To simplify it further, imagine this pipeline to be a gate. The code has to pass through this gate at every development stage before it goes to the production stage. If the code passes through the protocols, it is allowed to be deployed. If it does not comply with the protocols, the gate closes, and the team is alerted. The team then relooks into the code and fixes it to ensure that it passes through the pipeline.
It can be called the gatekeeper that protects the software’s quality. It ensures that there is no compromise with software quality or security.
The Role Of Integrated Software Delivery Pipeline In DevOps
Integrated software delivery pipeline breaks the delivery process into different stages and hooks them together. This helps the DevOps team to maintain the quality of the software throughout the development lifecycle. Let’s understand how it plays a crucial role in DevOps.
In DevOps, a central source control system organizes and manages code that is then tested for quality. So, every time new code is released, it goes to that central code system. The new code is then compiled to integrate it into the build. However, before it is integrated, it must pass through the pipeline. The team will receive a notification if there is an error in the code, which will enable the team to monitor the health and quality of their code. This process is repeated every time new code is submitted to the repository. This way, the team can ensure that no bad code is deployed to the next stage. Automating the pipeline will also reduce the waiting time for integrating the code.
In this stage, the team tests the entire product for its functionality, security, performance, and many other vital aspects. The product is tested at various stages of the lifecycle to identify bugs early and fix them before the product is launched. Once the testing is done, the code passes through the delivery pipeline where the product is tested for various aspects to ensure it is secure and bug-free to be deployed for production. It also helps the team determine if the code needs additional changes before being sent to production. Automating code testing will allow the team to save time and costs.
Unlike the traditional development lifecycle, DevOps works on the theory of incremental delivery, which means that all the features are not released in one go. Every feature has to go through the delivery pipeline to ensure that it meets the quality benchmark. Each feature is tested comprehensively to ensure bug-free deployment. The feature will be passed ahead only if it matches the quality standards.

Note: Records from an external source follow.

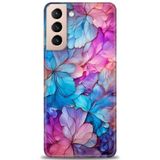 Phoenix Cep HD Baskılı Kılıf + SERAMİK TAM KAPLAYAN EKRAN KORUYUCU 325 Beyaz - Gold Samsung Galaxy S21 FE ile uyumlu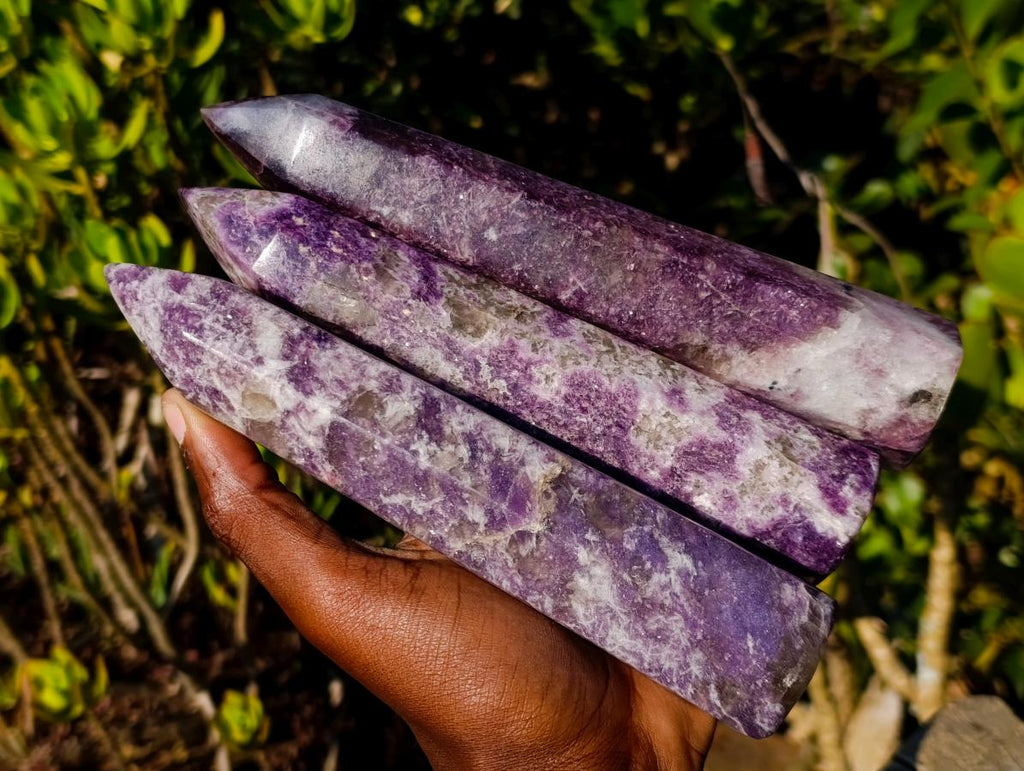 Polished Lepidolite Display Crystals x 3 From Ambatondrazaka, Madagascar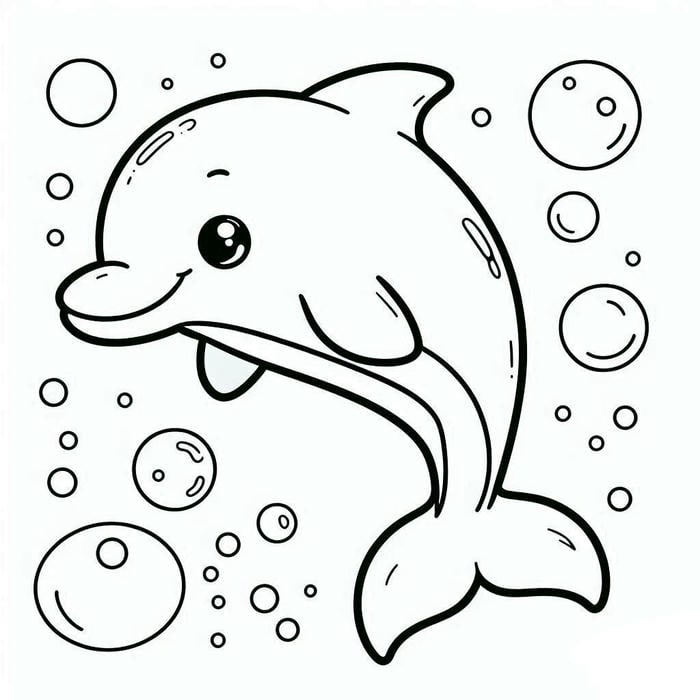 tranh tô màu cá heo đơn giản cho bé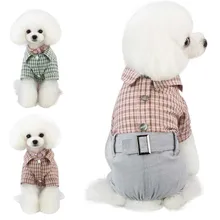 Новая одежда для собак комбинезон в клетку теплая пижама костюм для маленьких собак хлопковые костюмы для щенков футболка жилеты для кошек# p9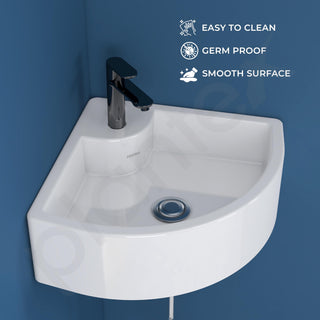 Plantex White Ceramic Corner Washbasin/Wall Mount Basin for Bathroom/Wall Hung Wash Basin/Small Corner Sink/10 Years Glaze Warranty by Plantex (Cornia - 16 x 16 x 10 Inch)
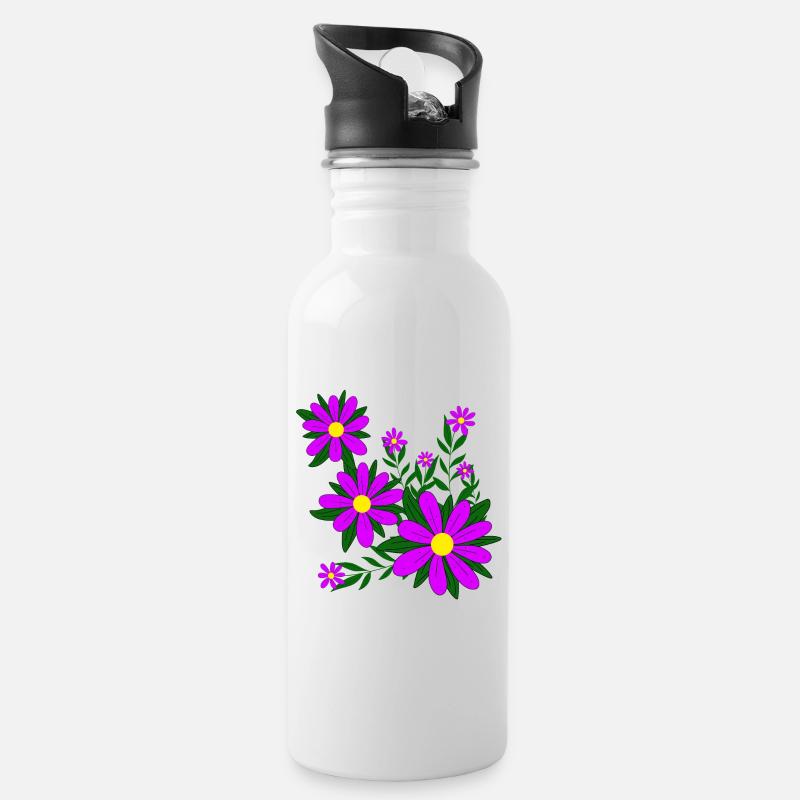 Blütenmuster Blumenranke Margerite Blüte floral - Trinkflasche mit integriertem Trinkhalm - Weiß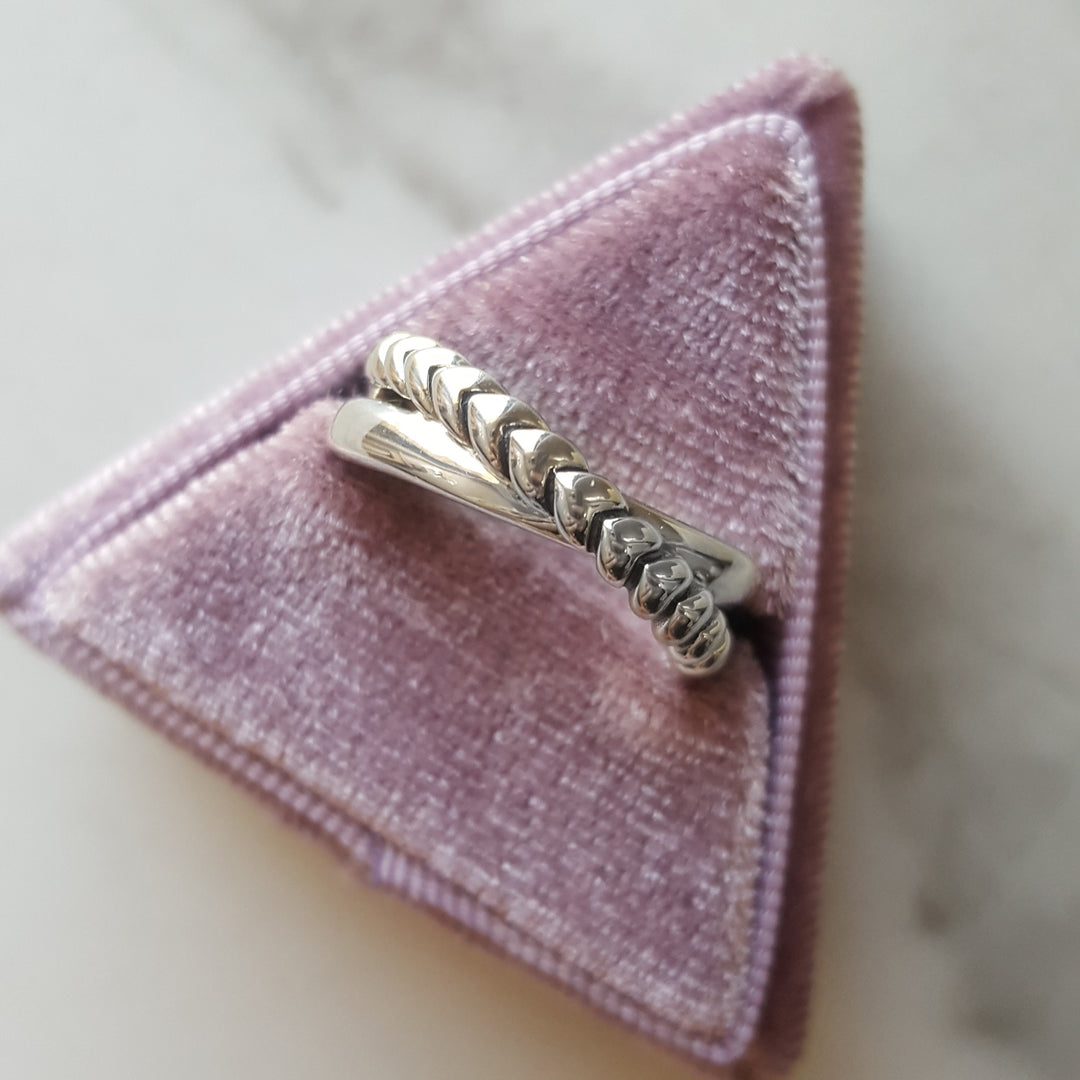 Sterling Silver Cross Over Ring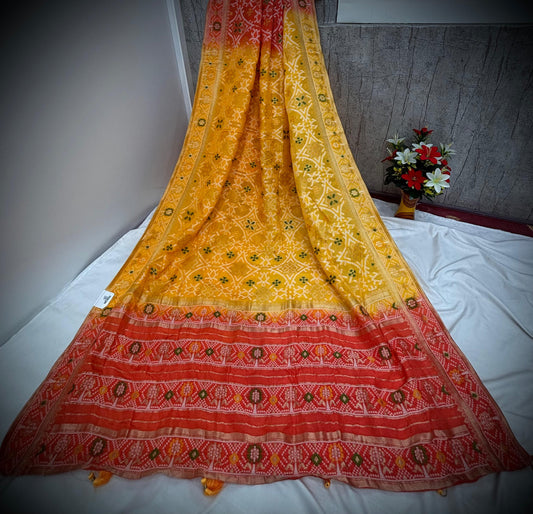 Troika Fashion – Yellow & Red Dola Silk Saree with Mina Work and Festive Geometric Weaving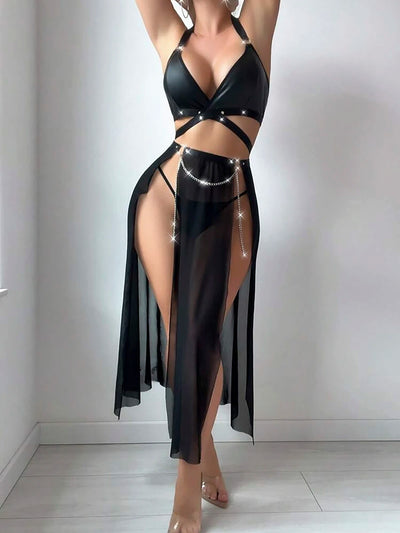 Conjunto de lencería con falda maxi y cadenas Ava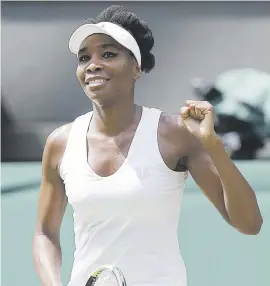  ?? Picture: AFP ?? ON THE MARCH. Venus Williams reacts after beating Croatia’s Ana Konjuh 6-3, 6-2 to reach the quarterfin­als yesterday.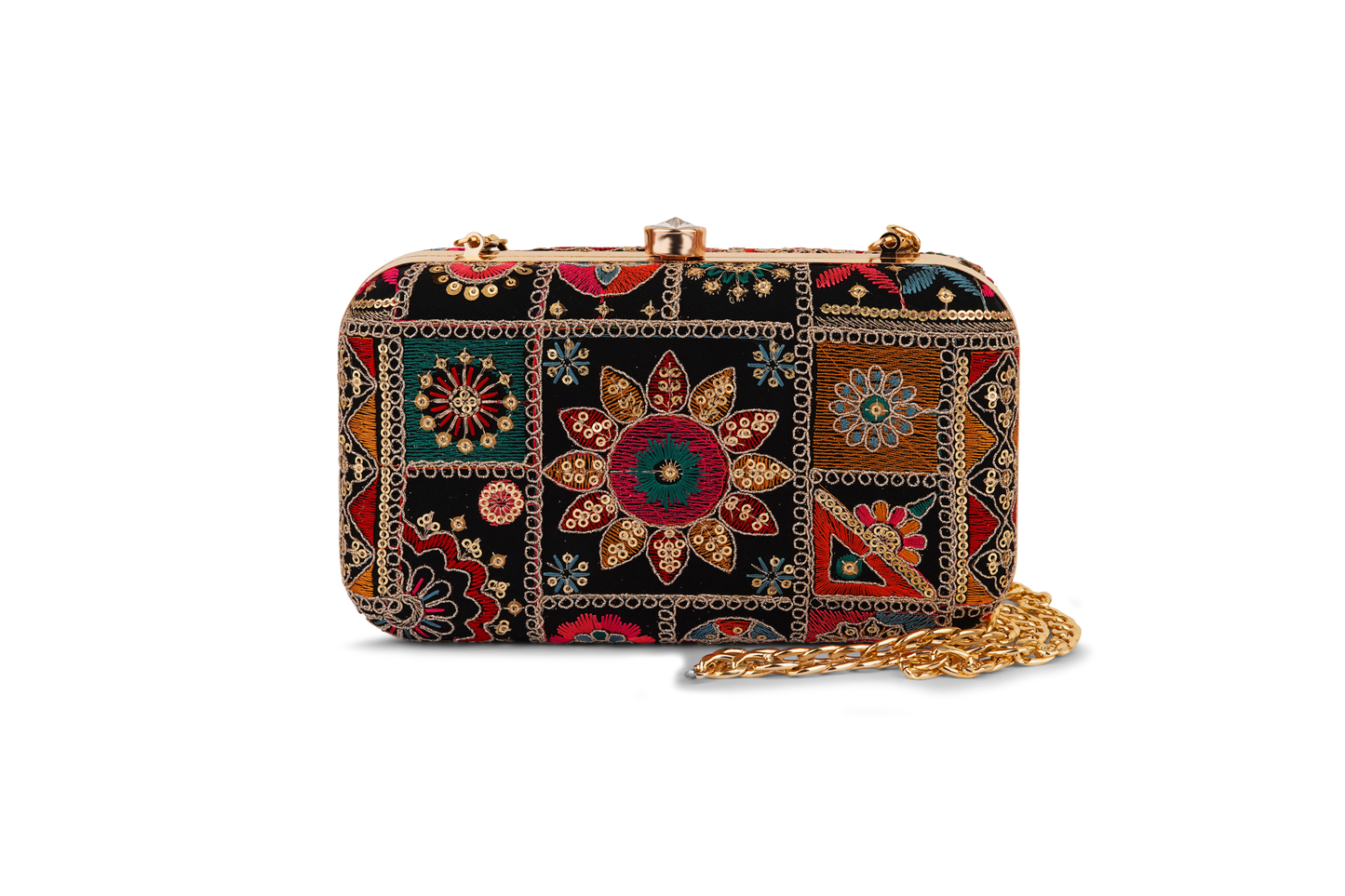 BLACK EMBROIDED CLUTCH BAG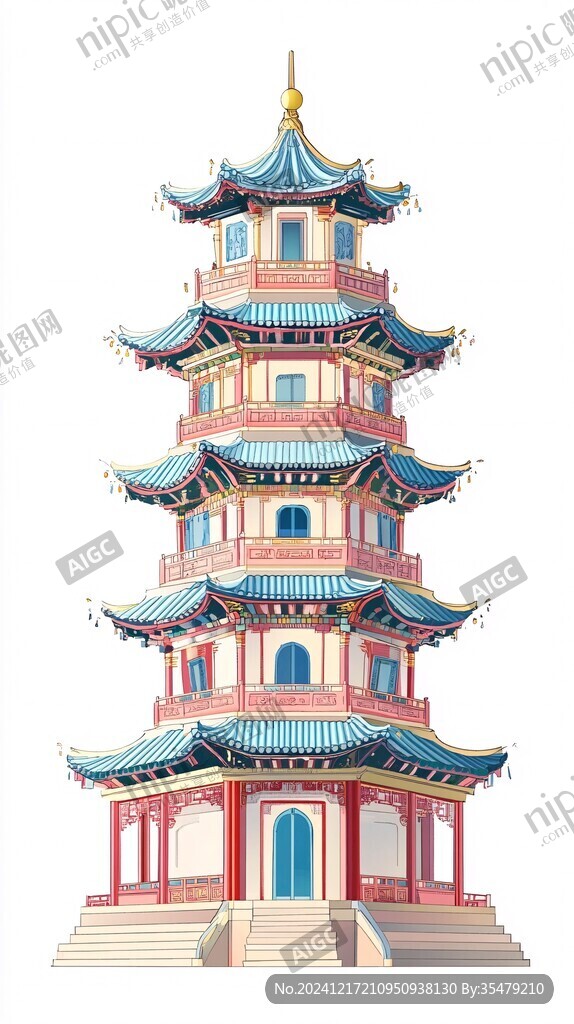 萬(wàn)壽塔插畫(huà)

The deployment stage is often considered a low-risk stage as the code must have already been tested thoroughly in the previous stages. The team might want to automate the release strategy to minimize manual intervention. However, the automated release could fail if the code is not tested correctly. That’s why teams use strategies like the blue-green deployment strategy, where two production environments are created. One of them hosts the current application; the other one hosts the updated version. The team releases the code to the updated version environment. So, if there is an issue, the team can roll back the changes without causing any downtime.
To leverage the maximum impact of DevOps, enterprises must automate the delivery pipeline. Manual pipeline processes can be tweaked to suit the interests of the DevOps team that aim to release the software quickly. However, an automated workflow checks every code as programmed to maintain its quality. From testing to operations and testing, every stage must be automated to reduce errors and accelerate the speed of launching the product. This will boost the enterprise’s confidence that the product they have launched is bug-free and also impact the end-user experience.
Given the critical role of the integrated software delivery pipeline, it is clear that it will remain a DevOps mainstay. In fact, according to an article in DevOps, integrated software delivery pipelines are considered one of the trends to look forward to in 2021. We agree!